AIM OF THE EXERCISE. Transcribe the full listing below, word for word, without pictures.

(SUPPLIED MATERIAL Opens)

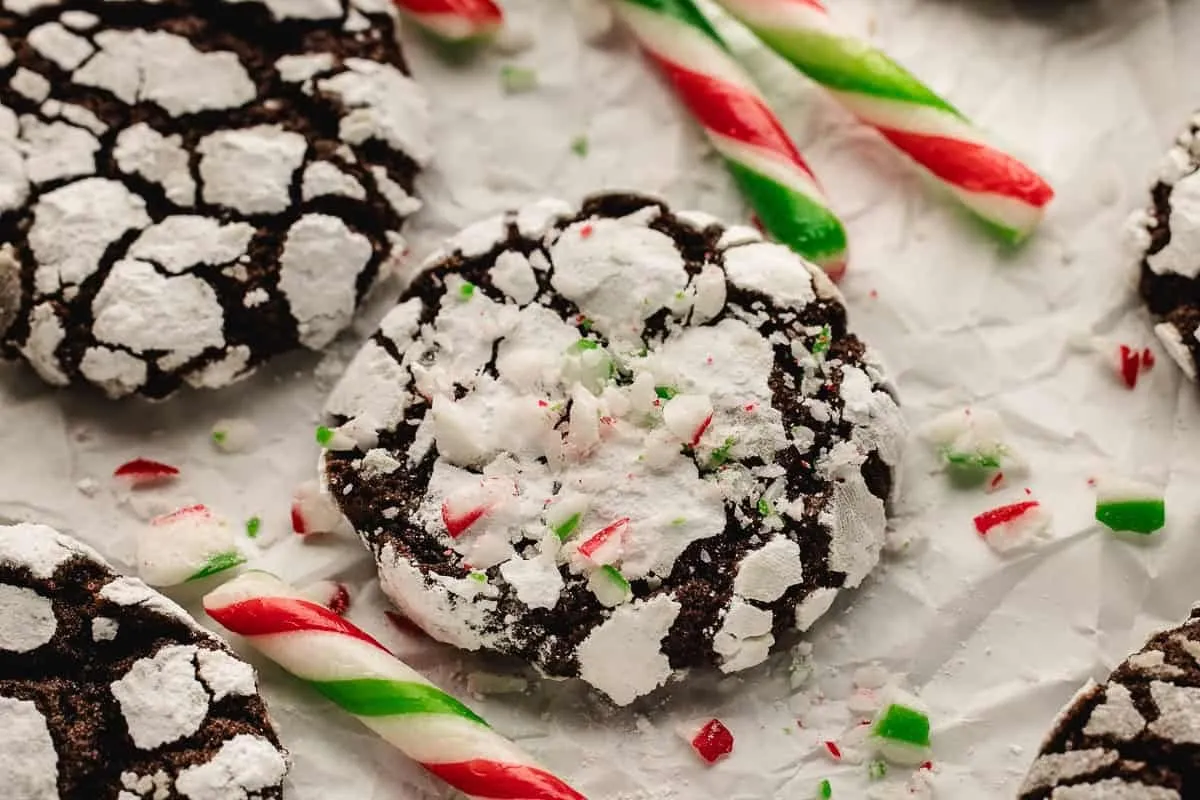 Chocolate Peppermint Crinkle Cookies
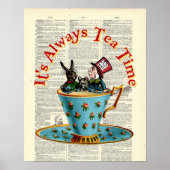 Alice im Wunderland Tea Time Old Dictionary Page Poster (Vorne)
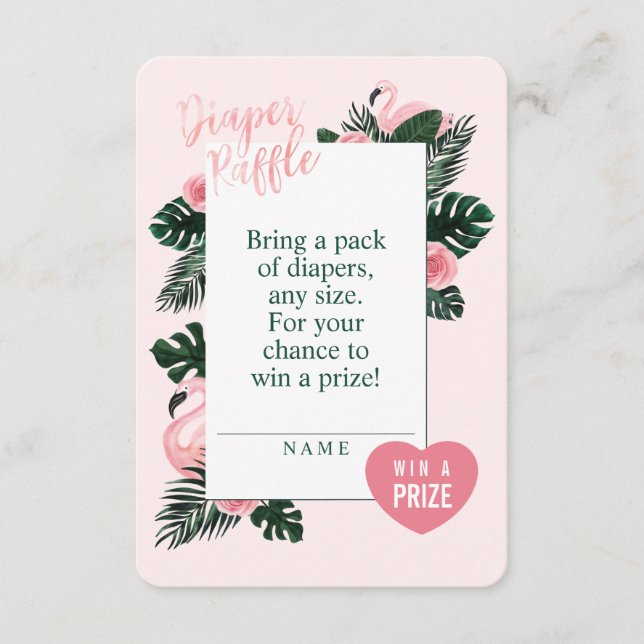 Tropisch rosa Flamingo Diapers Raffle Umschließung Begleitkarte (Vorderseite)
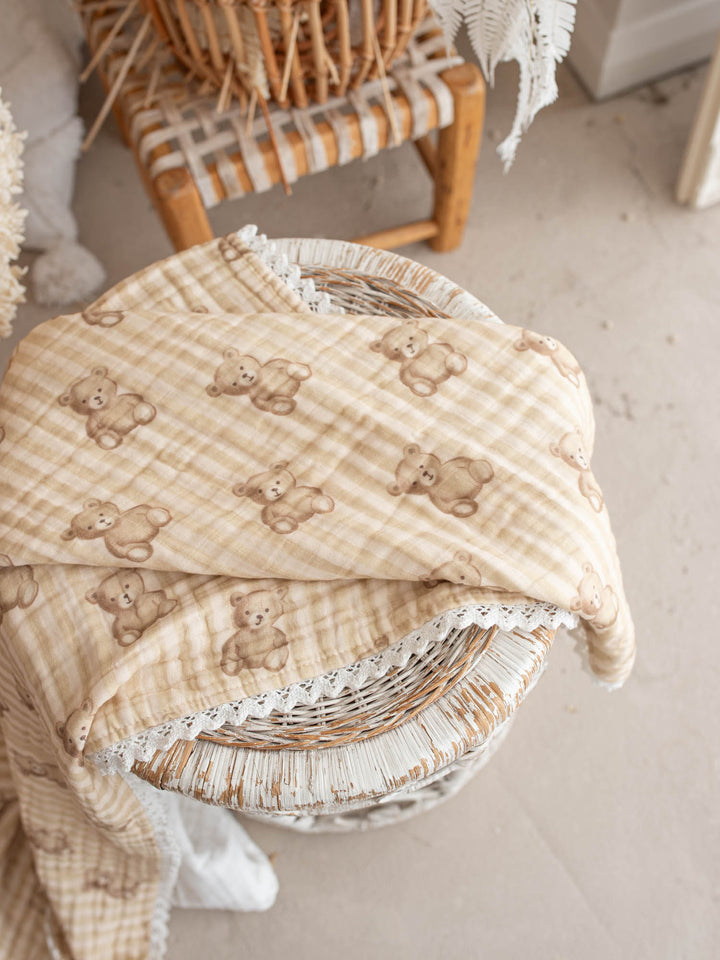 Mr Bear Teddy Stripe teddy bear muslin baby blanket with lace trim - Before & Ever Kids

(SUPPLIED MATERIAL Closes)

RESULT.
 Chocolate Peppermint Crinkle Cookies
 Alice im Wunderland Tea Time Old Dictionary Page Poster (Vorne)
 Tropisch rosa Flamingo Diapers Raffle Umschließung Begleitkarte (Vorderseite)
 Mr Bear Teddy Stripe teddy bear muslin baby blanket with lace trim - Before & Ever Kids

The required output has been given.